The big picture: This week’s announcement of a major fusion reaction advance was a demonstration of the physics at the heart of a clean energy source scientists have pursued for decades. But scientific and engineering challenges remain, particularly the development of new materials.

  • “It is a long development path but it will accelerate,” says Nigel Woolsey, a professor of physics at the University of York. He estimates scientists could demonstrate a plant that produces fusion energy at scale in 10 to 20 years.

Driving the news: Researchers at the National Ignition Facility (NIF) at Lawrence Livermore National Laboratory (LLNL) in California announced they had for the first time produced more energy from a nuclear fusion reaction than the energy put into the reaction, or what’s known as ignition.

  • The achievement on Dec. 5 came after decades of work and builds on earlier results.
  • “You can think of it as the Moore’s Law of fusion,” says Alex Zylstra, an experimental physicist at LLNL, referencing the rapid growth in the number of transistors on silicon chips that drove the electronics industry.

How it works: NIF uses 192 high-energy laser beams that strike a gold canister containing a pellet of deuterium and tritium fuel.

  • The laser light is converted to X-rays that compress the capsule and heat the fuel to 100 million degrees Celsius, driving the fusion of deuterium and tritium to produce helium. The reaction releases energy in the form of neutrons and triggers further fusion reactions.
  • The experiment, or “shot,” that achieved ignition hit the fuel with 2 megajoules of energy from the lasers and yielded 3MJ.

But, but, but… The lasers themselves require more than 300MJ of energy each time to operate, meaning NIF overall generated about just 1% of the power put in.

  • Fusion energy would have to be produced consistently and at far greater scales than what NIF currently produces.
  • Using NIF’s approach to generate power would require 10 shots per second — as opposed to the current “once a day or so,” Zylstra says.
  • There have been “huge developments in laser tech and methods for improving the smoothness of laser beams,” Woolsey says. Those could help to improve the efficiency and allow the laser to be run more often.

Keep in mind: Generating fusion power for the grid isn’t NIF’s purpose — it’s creating the conditions in nuclear explosions in order to study nuclear weapons.

What’s next: There are two main approaches to generating fusion energy — inertial confinement, which NIF uses, and magnetic confinement. Both are being pursued in various projects and by dozens of companies around the world.

  • To move from physics breakthroughs to energy production requires advances in designing the materials needed for fusion reactors.
  • Two reports published in the past two years identified a need to increase research and development of materials science and technology for fusion energy.

Details: The physics of the two basic approaches to fusion energy are fundamentally different but there are similarities between the materials they need to operate, says Lance Snead, a professor at Stony Brook University who specializes in radiation materials science.

  • The changes in heat in the reactors and the neutrons that bombard the walls can cause damage that is “kind of like corrosion on an atomic scale,” Snead says.
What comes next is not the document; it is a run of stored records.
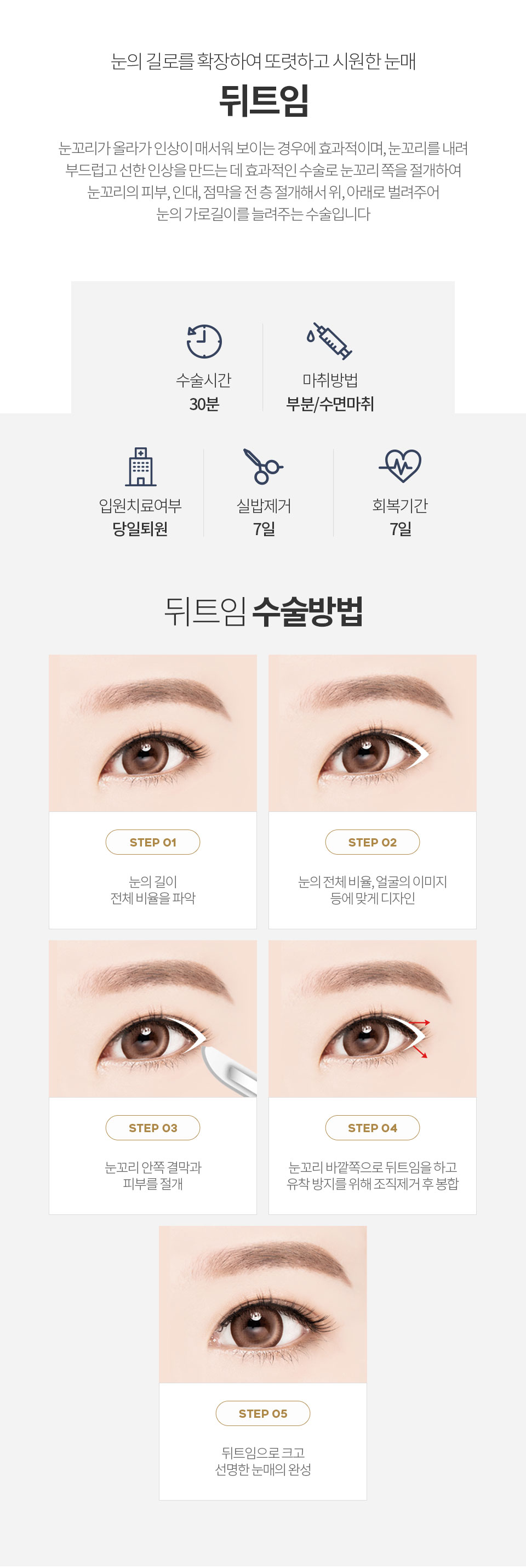 자연유착 최소절개 매몰법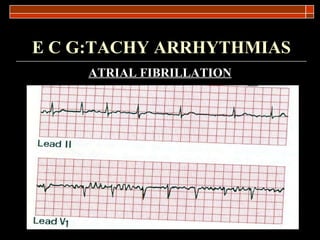 E C G:TACHY ARRHYTHMIAS ATRIAL FIBRILLATION 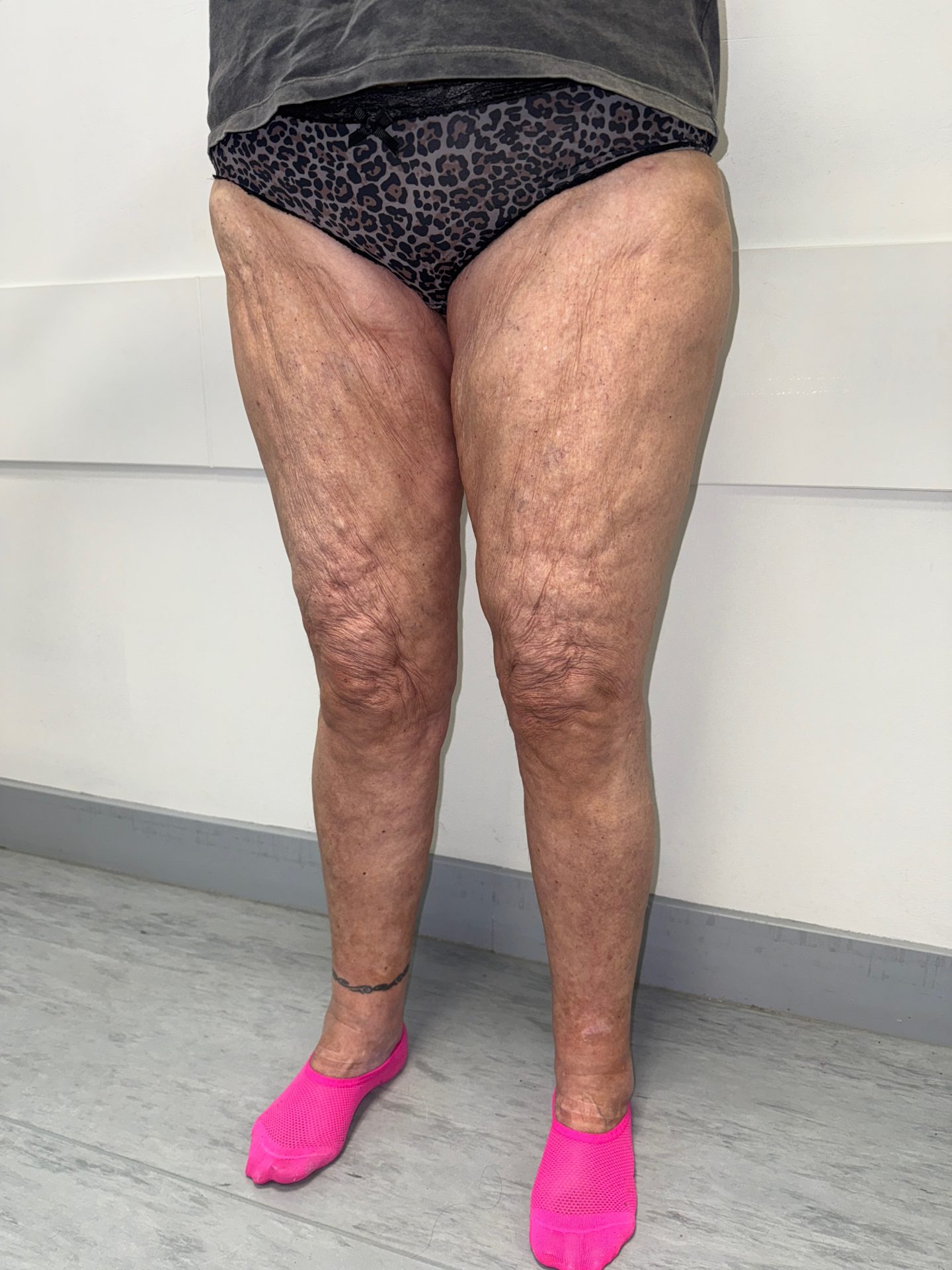 Thigh lift before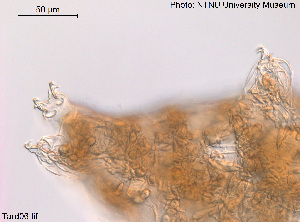  (Macrobiotus islandicus - Tard06)  @11 [ ] Creative Commons  Attribution Non-Commercial Share-Alike (2016) NTNU University Museum, Department of Natural History NTNU University Museum, Department of Natural History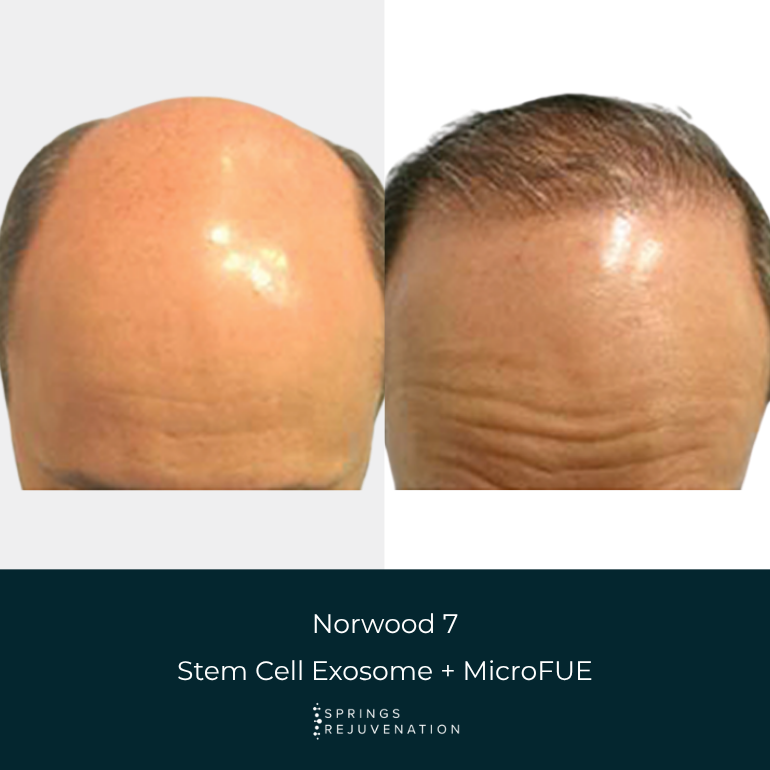 Before and After Results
He adds, there’s a need for materials that can withstand high temperatures but don’t introduce impurities or generate nuclear waste.
  • “We currently don’t have a solution,” he says. And scientists are limited to “a small part of the periodic table to solve [the problem].”
  • Fusion also produces very high-energy neutrons whose effects on materials are unknown. The International Fusion Materials Irradiation Facility (IFMIF) is a project in development that would study candidate materials for reactors.

Of note: There is also the challenge of a supply of tritium for fuel, which both Woolsey and Snead say would likely have to be manufactured onsite.

The bottom line: “We’ve done the science. Now have to start investing in the things that will put energy on the grid,” Snead says.